(Stored data)

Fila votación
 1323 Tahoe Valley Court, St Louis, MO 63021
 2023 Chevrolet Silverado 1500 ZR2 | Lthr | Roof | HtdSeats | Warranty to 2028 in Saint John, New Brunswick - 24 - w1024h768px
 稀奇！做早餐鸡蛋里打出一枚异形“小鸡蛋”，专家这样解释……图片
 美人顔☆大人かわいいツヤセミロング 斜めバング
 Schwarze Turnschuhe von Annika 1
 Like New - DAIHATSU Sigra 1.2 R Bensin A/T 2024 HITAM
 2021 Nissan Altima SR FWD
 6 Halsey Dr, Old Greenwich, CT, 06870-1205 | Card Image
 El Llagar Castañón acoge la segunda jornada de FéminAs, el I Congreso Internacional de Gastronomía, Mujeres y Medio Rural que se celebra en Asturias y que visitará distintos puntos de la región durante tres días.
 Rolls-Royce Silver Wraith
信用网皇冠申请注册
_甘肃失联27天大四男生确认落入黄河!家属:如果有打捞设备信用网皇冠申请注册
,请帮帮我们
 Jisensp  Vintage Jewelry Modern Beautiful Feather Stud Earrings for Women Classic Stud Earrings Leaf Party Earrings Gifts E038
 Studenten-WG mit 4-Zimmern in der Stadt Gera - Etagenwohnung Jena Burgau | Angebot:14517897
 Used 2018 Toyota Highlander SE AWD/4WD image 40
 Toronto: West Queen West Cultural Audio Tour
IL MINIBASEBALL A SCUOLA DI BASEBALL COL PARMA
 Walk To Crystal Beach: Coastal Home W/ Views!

■ **What is being asked**
Every entry should be reproduced exactly, with no part omitted.

■ **Written answer**
Fila votación
 1323 Tahoe Valley Court, St Louis, MO 63021
 2023 Chevrolet Silverado 1500 ZR2 | Lthr | Roof | HtdSeats | Warranty to 2028 in Saint John, New Brunswick - 24 - w1024h768px
 稀奇！做早餐鸡蛋里打出一枚异形“小鸡蛋”，专家这样解释……图片
 美人顔☆大人かわいいツヤセミロング 斜めバング
 Schwarze Turnschuhe von Annika 1
 Like New - DAIHATSU Sigra 1.2 R Bensin A/T 2024 HITAM
 2021 Nissan Altima SR FWD
 6 Halsey Dr, Old Greenwich, CT, 06870-1205 | Card Image
 El Llagar Castañón acoge la segunda jornada de FéminAs, el I Congreso Internacional de Gastronomía, Mujeres y Medio Rural que se celebra en Asturias y que visitará distintos puntos de la región durante tres días.
 Rolls-Royce Silver Wraith
信用网皇冠申请注册
_甘肃失联27天大四男生确认落入黄河!家属:如果有打捞设备信用网皇冠申请注册
,请帮帮我们
 Jisensp  Vintage Jewelry Modern Beautiful Feather Stud Earrings for Women Classic Stud Earrings Leaf Party Earrings Gifts E038
 Studenten-WG mit 4-Zimmern in der Stadt Gera - Etagenwohnung Jena Burgau | Angebot:14517897
 Used 2018 Toyota Highlander SE AWD/4WD image 40
 Toronto: West Queen West Cultural Audio Tour
IL MINIBASEBALL A SCUOLA DI BASEBALL COL PARMA
 Walk To Crystal Beach: Coastal Home W/ Views!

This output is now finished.